[Stored data entries]

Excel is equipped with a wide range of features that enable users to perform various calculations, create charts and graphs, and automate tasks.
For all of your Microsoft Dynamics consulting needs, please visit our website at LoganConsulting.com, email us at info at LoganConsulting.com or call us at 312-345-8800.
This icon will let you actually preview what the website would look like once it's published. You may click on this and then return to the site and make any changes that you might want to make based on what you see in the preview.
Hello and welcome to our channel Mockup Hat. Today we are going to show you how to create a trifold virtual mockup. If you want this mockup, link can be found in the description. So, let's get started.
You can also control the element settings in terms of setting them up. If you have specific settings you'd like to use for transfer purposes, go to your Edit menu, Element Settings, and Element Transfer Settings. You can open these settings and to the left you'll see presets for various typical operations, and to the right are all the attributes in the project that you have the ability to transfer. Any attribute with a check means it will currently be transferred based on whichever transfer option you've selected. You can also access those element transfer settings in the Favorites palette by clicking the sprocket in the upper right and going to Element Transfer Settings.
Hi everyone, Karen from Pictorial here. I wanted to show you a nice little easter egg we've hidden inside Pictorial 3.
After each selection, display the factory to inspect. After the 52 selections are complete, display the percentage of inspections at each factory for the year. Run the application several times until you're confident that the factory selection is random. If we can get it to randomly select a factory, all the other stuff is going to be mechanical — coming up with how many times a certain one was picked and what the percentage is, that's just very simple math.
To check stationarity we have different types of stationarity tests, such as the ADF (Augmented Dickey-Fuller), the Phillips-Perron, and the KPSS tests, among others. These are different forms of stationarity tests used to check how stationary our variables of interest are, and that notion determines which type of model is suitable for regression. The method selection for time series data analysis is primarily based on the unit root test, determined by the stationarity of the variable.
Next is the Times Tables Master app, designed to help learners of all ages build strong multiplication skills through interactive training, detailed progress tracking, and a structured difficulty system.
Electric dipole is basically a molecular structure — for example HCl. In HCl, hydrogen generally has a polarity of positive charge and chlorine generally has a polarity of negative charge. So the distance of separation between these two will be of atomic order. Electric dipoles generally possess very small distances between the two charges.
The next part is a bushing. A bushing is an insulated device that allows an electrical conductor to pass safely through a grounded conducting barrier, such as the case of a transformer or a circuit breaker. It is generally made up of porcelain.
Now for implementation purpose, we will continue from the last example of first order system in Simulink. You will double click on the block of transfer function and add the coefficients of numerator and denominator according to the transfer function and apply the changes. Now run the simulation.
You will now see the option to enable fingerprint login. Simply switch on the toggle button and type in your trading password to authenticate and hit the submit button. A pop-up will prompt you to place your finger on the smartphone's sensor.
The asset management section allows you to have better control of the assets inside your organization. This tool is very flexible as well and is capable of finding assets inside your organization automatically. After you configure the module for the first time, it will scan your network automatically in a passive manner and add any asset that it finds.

* [Exercise prompt] Each entry above is to be transcribed word for word.

* [Result of this exercise]
Excel is equipped with a wide range of features that enable users to perform various calculations, create charts and graphs, and automate tasks.
For all of your Microsoft Dynamics consulting needs, please visit our website at LoganConsulting.com, email us at info at LoganConsulting.com or call us at 312-345-8800.
This icon will let you actually preview what the website would look like once it's published. You may click on this and then return to the site and make any changes that you might want to make based on what you see in the preview.
Hello and welcome to our channel Mockup Hat. Today we are going to show you how to create a trifold virtual mockup. If you want this mockup, link can be found in the description. So, let's get started.
You can also control the element settings in terms of setting them up. If you have specific settings you'd like to use for transfer purposes, go to your Edit menu, Element Settings, and Element Transfer Settings. You can open these settings and to the left you'll see presets for various typical operations, and to the right are all the attributes in the project that you have the ability to transfer. Any attribute with a check means it will currently be transferred based on whichever transfer option you've selected. You can also access those element transfer settings in the Favorites palette by clicking the sprocket in the upper right and going to Element Transfer Settings.
Hi everyone, Karen from Pictorial here. I wanted to show you a nice little easter egg we've hidden inside Pictorial 3.
After each selection, display the factory to inspect. After the 52 selections are complete, display the percentage of inspections at each factory for the year. Run the application several times until you're confident that the factory selection is random. If we can get it to randomly select a factory, all the other stuff is going to be mechanical — coming up with how many times a certain one was picked and what the percentage is, that's just very simple math.
To check stationarity we have different types of stationarity tests, such as the ADF (Augmented Dickey-Fuller), the Phillips-Perron, and the KPSS tests, among others. These are different forms of stationarity tests used to check how stationary our variables of interest are, and that notion determines which type of model is suitable for regression. The method selection for time series data analysis is primarily based on the unit root test, determined by the stationarity of the variable.
Next is the Times Tables Master app, designed to help learners of all ages build strong multiplication skills through interactive training, detailed progress tracking, and a structured difficulty system.
Electric dipole is basically a molecular structure — for example HCl. In HCl, hydrogen generally has a polarity of positive charge and chlorine generally has a polarity of negative charge. So the distance of separation between these two will be of atomic order. Electric dipoles generally possess very small distances between the two charges.
The next part is a bushing. A bushing is an insulated device that allows an electrical conductor to pass safely through a grounded conducting barrier, such as the case of a transformer or a circuit breaker. It is generally made up of porcelain.
Now for implementation purpose, we will continue from the last example of first order system in Simulink. You will double click on the block of transfer function and add the coefficients of numerator and denominator according to the transfer function and apply the changes. Now run the simulation.
You will now see the option to enable fingerprint login. Simply switch on the toggle button and type in your trading password to authenticate and hit the submit button. A pop-up will prompt you to place your finger on the smartphone's sensor.
The asset management section allows you to have better control of the assets inside your organization. This tool is very flexible as well and is capable of finding assets inside your organization automatically. After you configure the module for the first time, it will scan your network automatically in a passive manner and add any asset that it finds.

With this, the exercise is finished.